A carta do rei, afinal de contas, não passava de um bilhete em que estava escrito o seguinte: «Joab, manda Urias para a frente da batalha, onde o combate é mais renhido, pois ele é um guerreiro valente. Estou convencido que este plano irá resultar! Assinado: o rei David». Joab, que procurava tomar a cidade de Rabat, obedeceu às ordens do rei. E, no combate do dia seguinte, colocou Urias lá bem na frente, onde combatiam os guerreiros mais valorosos...

 

Os inimigos não eram menos valorosos e foram-se aos israelitas com toda a coragem. No combate feroz que se travou, morreram alguns soldados israelitas, incluindo Urias. Joab então mandou informar imediatamente o rei David de todas as peripécias do combate.
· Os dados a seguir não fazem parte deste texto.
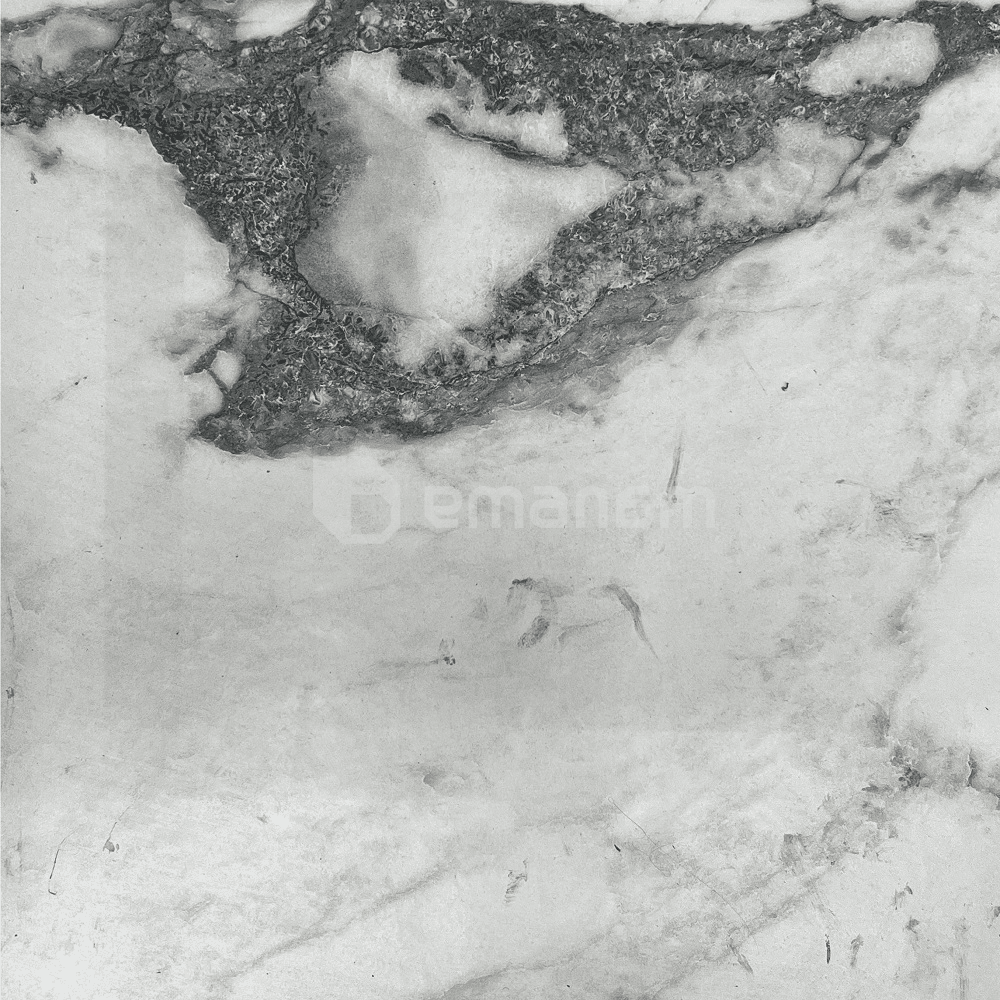 კერამოგრანიტი Stile Ceramic NATRA 60x60სმ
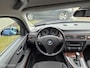 BMW 3-Serie E90 325i Executive 1ste eigenaar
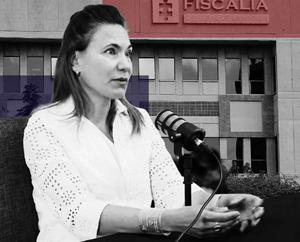 imagen nota inferior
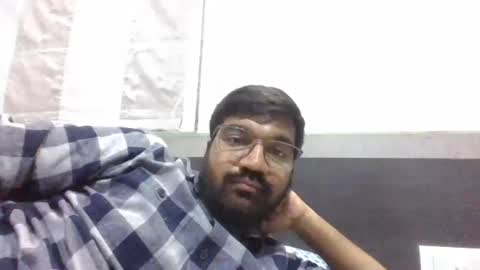 ptl1711 online show from 01-04-25, 12:16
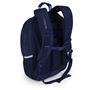 Backpack, schoolpack, zippered, GABOL 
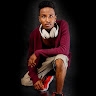 musa mohamed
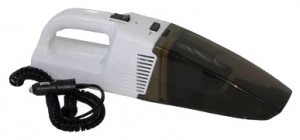 Premier VC785 Vacuum Cleaner Photo, Characteristics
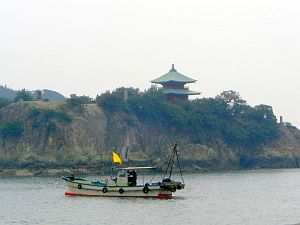 弁天島2.jpg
O mensageiro partiu, pois, e foi dar a notícia ao rei em Jerusalém, referindo-lhe tudo o que Joab lhe tinha mandado.

 

É muito difícil entender porque é que David, depois de tantas provas de coragem dadas antes, ficou em Jerusalém e mandou o seu general Joab para a frente de batalha. De resto, é também muito difícil de compreender que um rei se tenha deixado vencer de tal maneira pela paixão e tenha ordenado fazer o que fez a Urias. Não há dados suficientes para avaliar dessas atitudes, mas não podemos deixar de as condenar sem margem para dúvidas... O certo é que, perante a notícia de que Urias tinha caído na frente de batalha, David ficou contente. Também se pode calcular que Betsabé não estivesse lá tão inocente como isso. Seja como for, e como não podia deixar de ser, ela pôs luto e chorou a morte do seu marido. Mas, terminados os dias de luto estabelecidos por lei, David mandou-a buscar e passou a morar no palácio como sua esposa. Sabemos também que foi ela a mãe de Salomão. Assim era David. Mas o seu procedimento não agradou ao Senhor, Deus de Israel.